===== Data extract

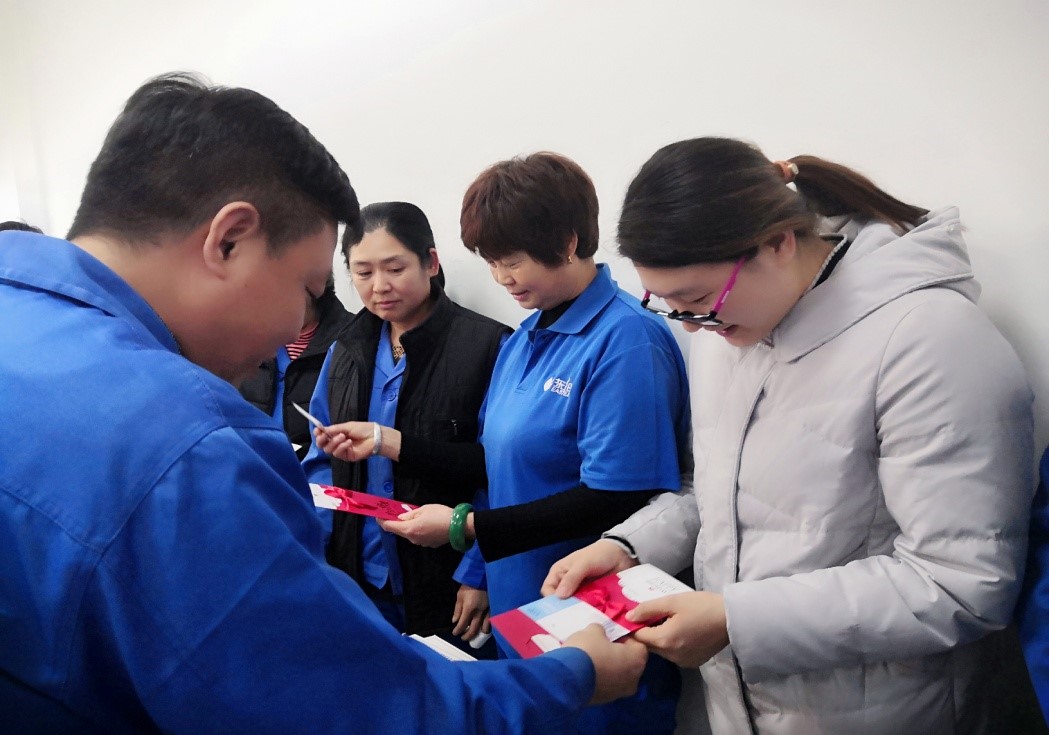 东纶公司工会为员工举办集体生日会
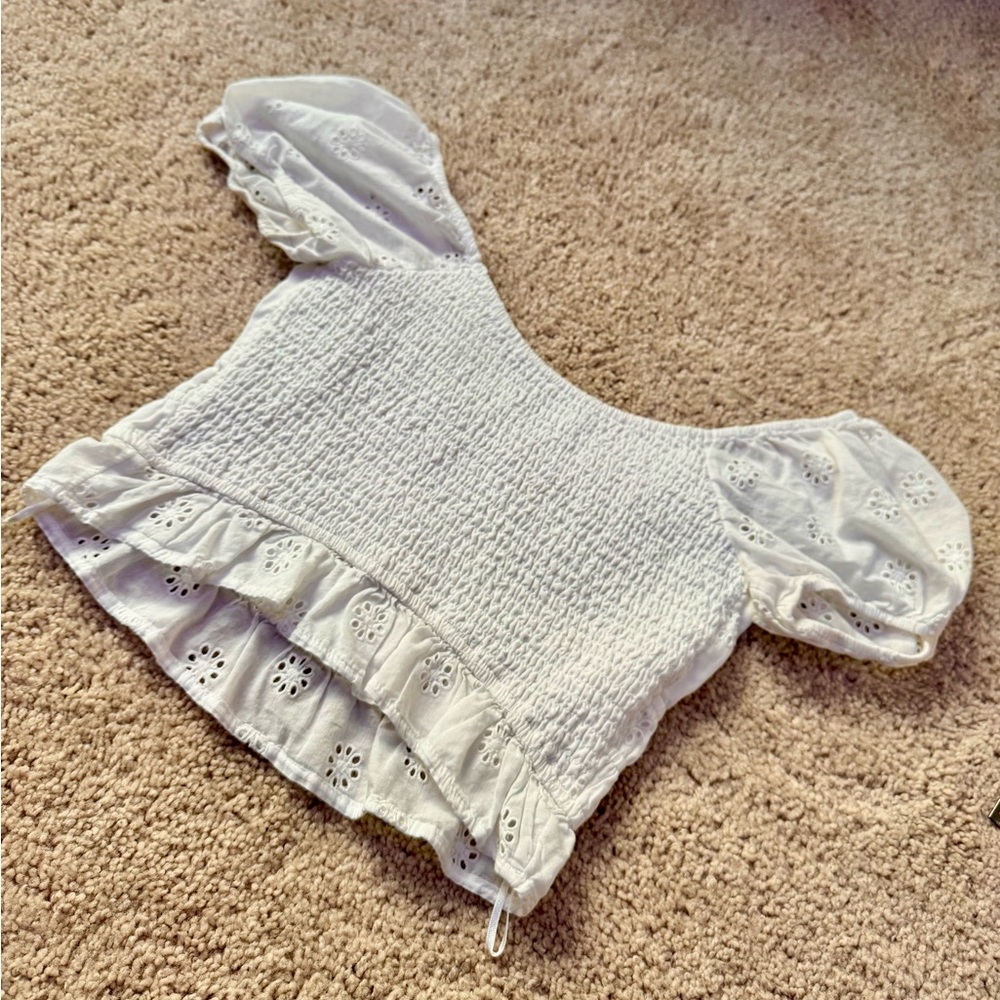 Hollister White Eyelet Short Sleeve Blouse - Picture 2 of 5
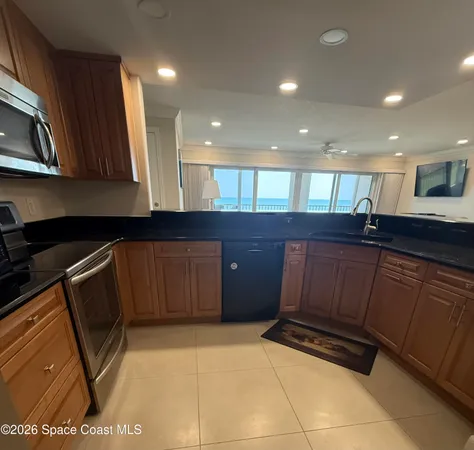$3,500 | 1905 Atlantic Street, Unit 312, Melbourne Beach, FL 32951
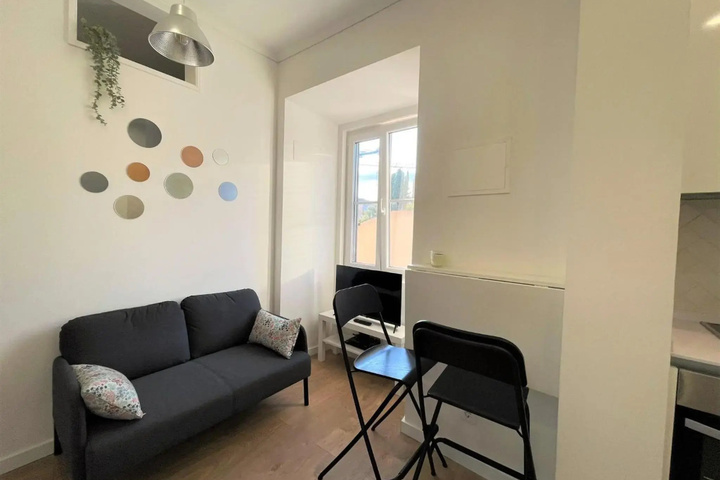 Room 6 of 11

==========
===== Data extract

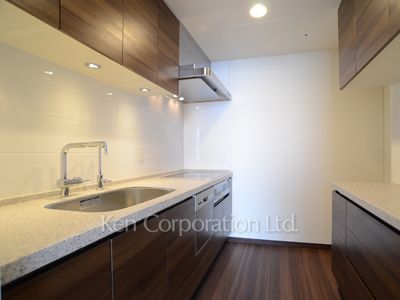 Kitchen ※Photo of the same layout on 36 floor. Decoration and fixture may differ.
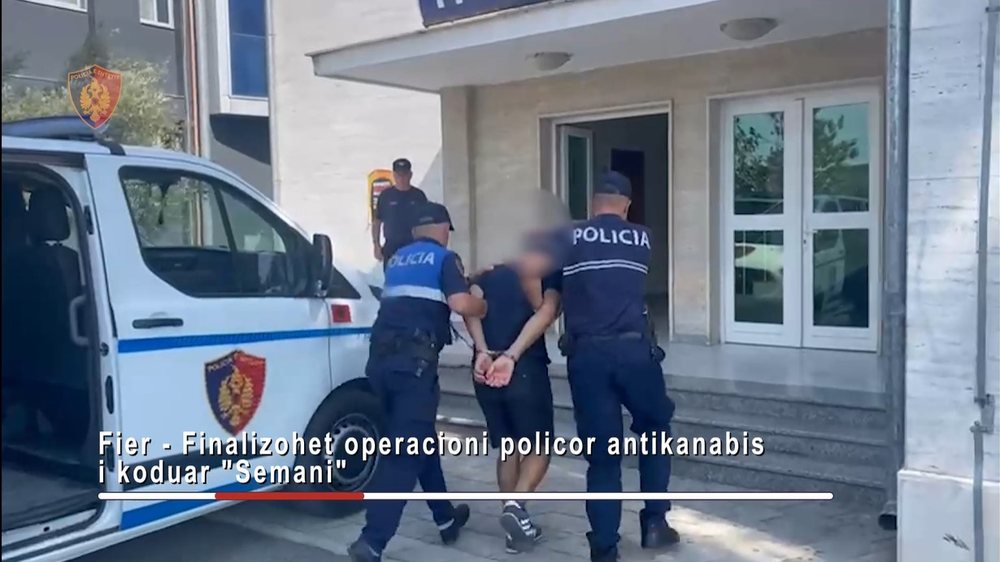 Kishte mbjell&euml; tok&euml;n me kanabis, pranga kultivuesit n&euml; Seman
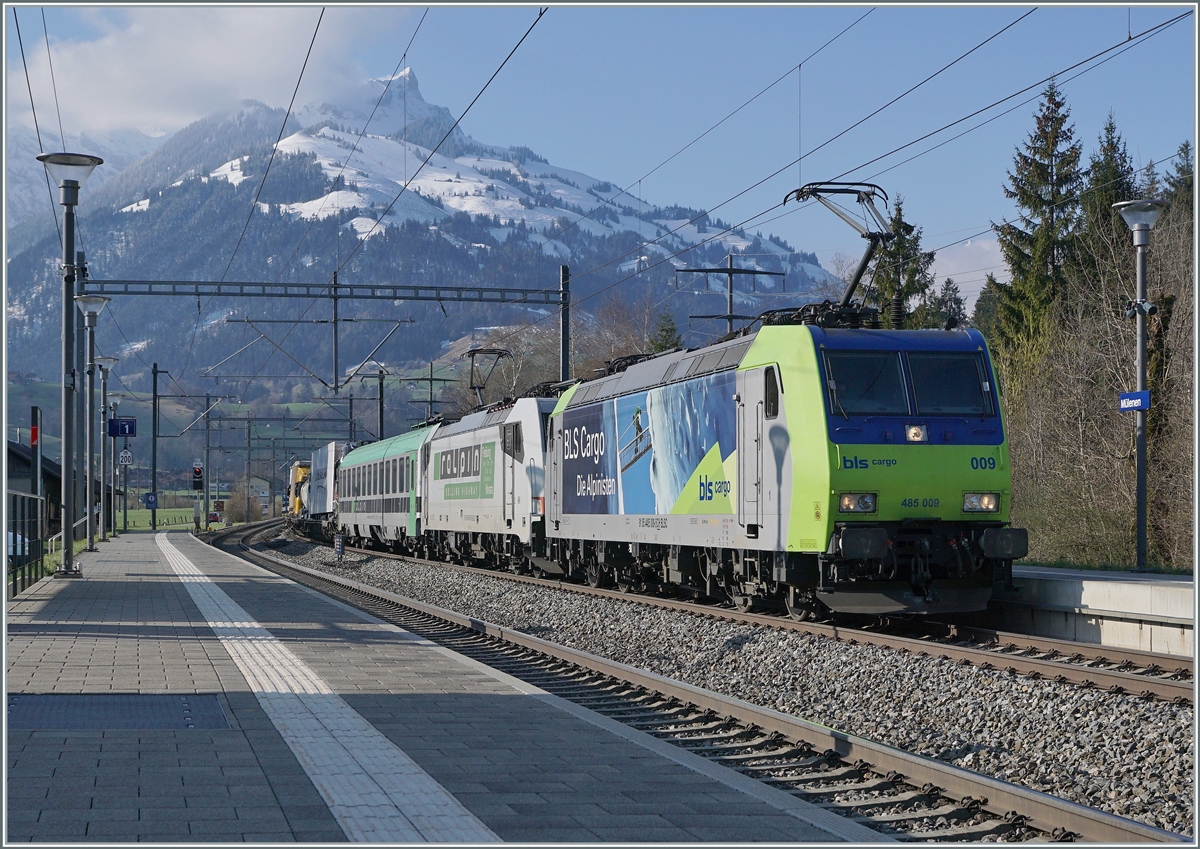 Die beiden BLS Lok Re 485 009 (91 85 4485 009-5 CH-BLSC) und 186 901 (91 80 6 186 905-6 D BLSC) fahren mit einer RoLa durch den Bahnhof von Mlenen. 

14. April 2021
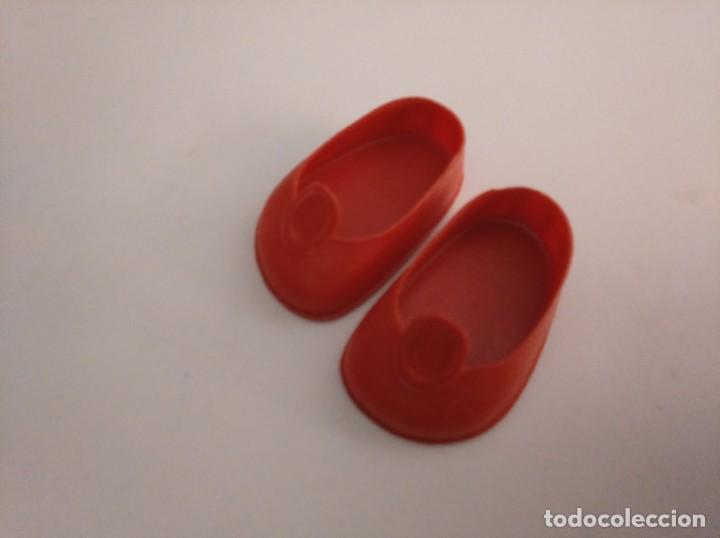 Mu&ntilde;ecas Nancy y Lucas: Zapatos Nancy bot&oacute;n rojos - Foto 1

==========
===== Data extract

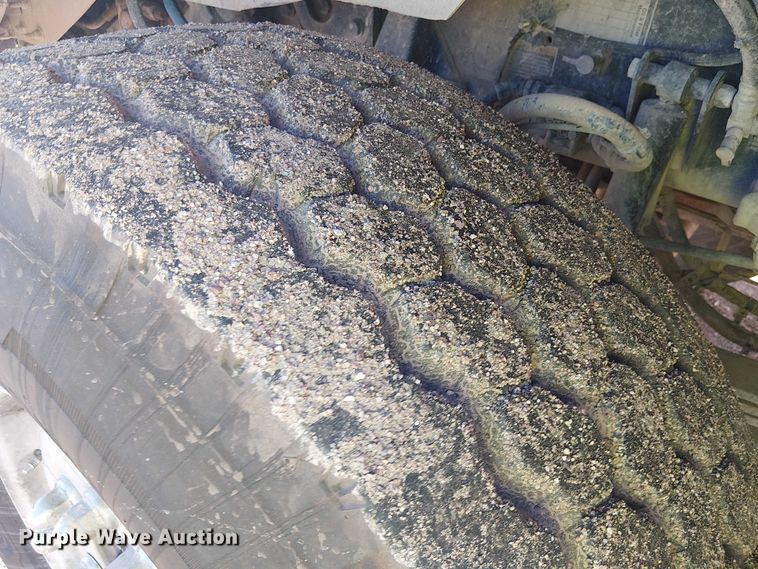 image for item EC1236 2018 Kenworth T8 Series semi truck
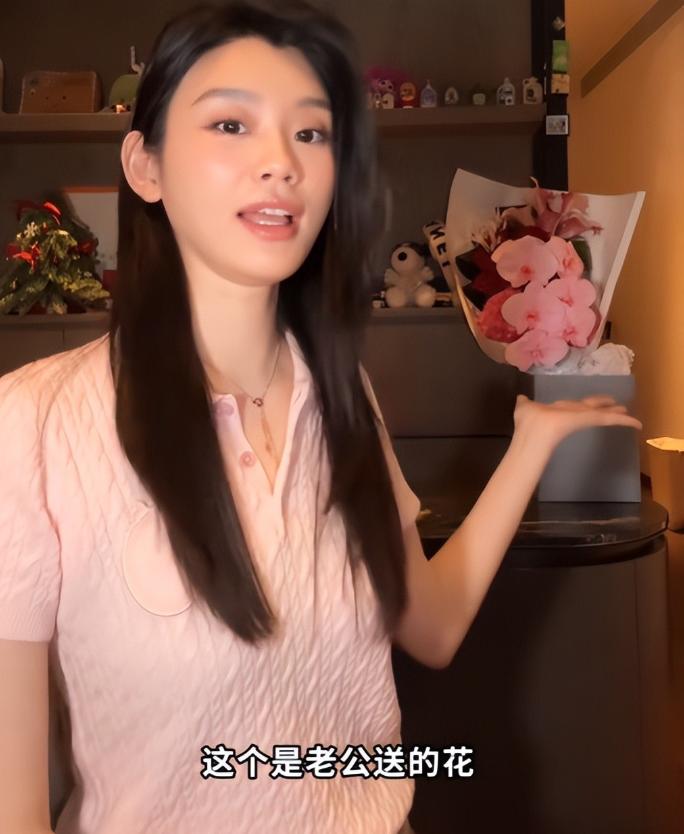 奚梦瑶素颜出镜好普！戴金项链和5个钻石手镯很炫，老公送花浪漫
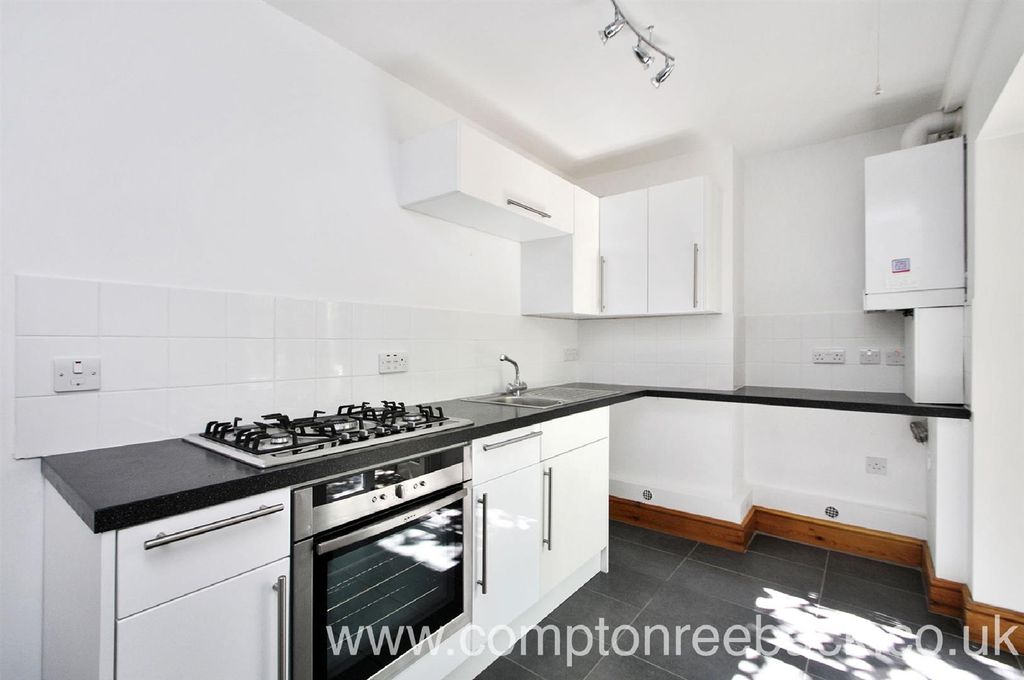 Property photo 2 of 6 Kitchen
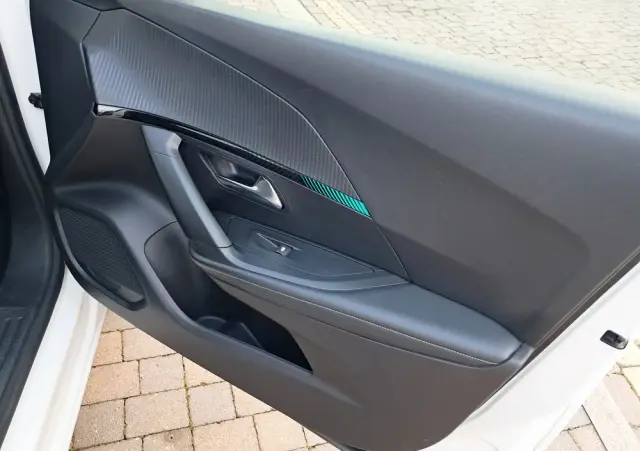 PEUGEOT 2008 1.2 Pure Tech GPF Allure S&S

==========

▶ [Work to be completed]:
Both boundary lines included, write out word for word only the lines above from the one containing "Kishte mbjell&euml; tok&euml;n" to the one containing "Mu&ntilde;ecas Nancy y", leaving out any pictures.

▶ [Exercise result]:
 Kishte mbjell&euml; tok&euml;n me kanabis, pranga kultivuesit n&euml; Seman
 Die beiden BLS Lok Re 485 009 (91 85 4485 009-5 CH-BLSC) und 186 901 (91 80 6 186 905-6 D BLSC) fahren mit einer RoLa durch den Bahnhof von Mlenen. 

14. April 2021
 Mu&ntilde;ecas Nancy y Lucas: Zapatos Nancy bot&oacute;n rojos - Foto 1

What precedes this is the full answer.